Andaban, los histriones, bastante preocupados preguntando al personal donde podrían conseguir un poco de alfalfa o paja seca (Lo de un poco es un decir, ya que necesitaban unos trescientos o cuatrocientos kilos, lo que comen los animales en un día) para alimentar a los herbívoros del circo, entre ellos los dromedarios y la elefanta “Naila”. Según me relataron, el camión que transportaba dichos alimentos se había averiado a su paso por Madrid, y aún tardaría un par de días en llegar, de ahí su preocupación. Les indicamos algunos sitios, más o menos próximos, donde, quizás, podrían conseguir algo de alimento para aquellos enormes bichos. Y metidos en conversación, a la par que calmaban su sed con un buen tinto de verano, estuvimos comentando los entresijos de la sacrificada vida de ese mundo de la farándula circense. Desde su vocacional y gratificante oficio de payasos (El alma del circo), hasta su menos gratificante, pero necesaria, ocupación de montar, organizar y trasladar de una remota ciudad a otra todo el complejo tinglado del circo. Vamos, que lo mismo te planchan un huevo que te fríen una corbata de payaso. Eso es vocación de artista y no lo de Operación triunfo.

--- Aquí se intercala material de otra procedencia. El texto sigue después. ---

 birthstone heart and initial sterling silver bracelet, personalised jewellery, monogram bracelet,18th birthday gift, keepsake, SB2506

Me contaron, también, la bonita historia de amor entre la elefanta y el camello, que relatada por los sublimes payasos, adquiría mucha más relevancia y profundidad. Una historia de penurias, carencias y supervivencia de unos animales salvajes que encuentran, entre los carromatos de un circo, el tiempo y el lugar apropiado para el cariño, la ternura y, ¿por que no?, el amor sin condición. Un relato que da pie a nuestra imaginación para elucubrar mil y una situaciones, aventuras, travesuras y alegres desenlaces entre esa extraña pareja de animales. Y no por ser imaginarias dejan de ser reales, al fin y al cabo, solo la idea de su amor y su amistad ensancha nuestros corazones y dispara nuestra ternura hasta lo más alto de nuestra condición de seres humanos. (Sobre todo, la de esos proyectos de adultos sin consumar y la de esos otros niños de más de treinta años, que olvidaron por el camino el significado de la palabra amor). Es un ejemplo a seguir, una amistad incondicional entre animales que no entiende de especies (Razas), de culturas, de credos, patrias, codicias, sexos, vilezas o cualquier otra barrera social que hace imposible la buena relación entre nosotros, “los humanos”.

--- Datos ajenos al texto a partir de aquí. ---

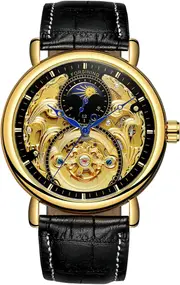 FORSINING Men's Analogue Automatic Watch Vintage AM/PM Sun Moon Skeleton with Calf Leather Strap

Imbuido por ese espíritu del “buen rollito” y la melancolía, le contaba a mi compañero de trabajo (Y sin embargo, buen amigo) Alex, la historia de la elefanta y el dromedario, y abundaba en mi intención de escribir este artículo sobre ellos. Él, traspasó el relato a sus personas queridas y a todos les emocionó la historia de amor de aquella singular pareja. Días después me comentaba: - ¿Sabes?, al pasar cada mañana delante del circo, me resulta inevitable mirar hacia el cercado de Naila, e igualmente inevitable es que en mis labios aparezca una dulce sonrisa.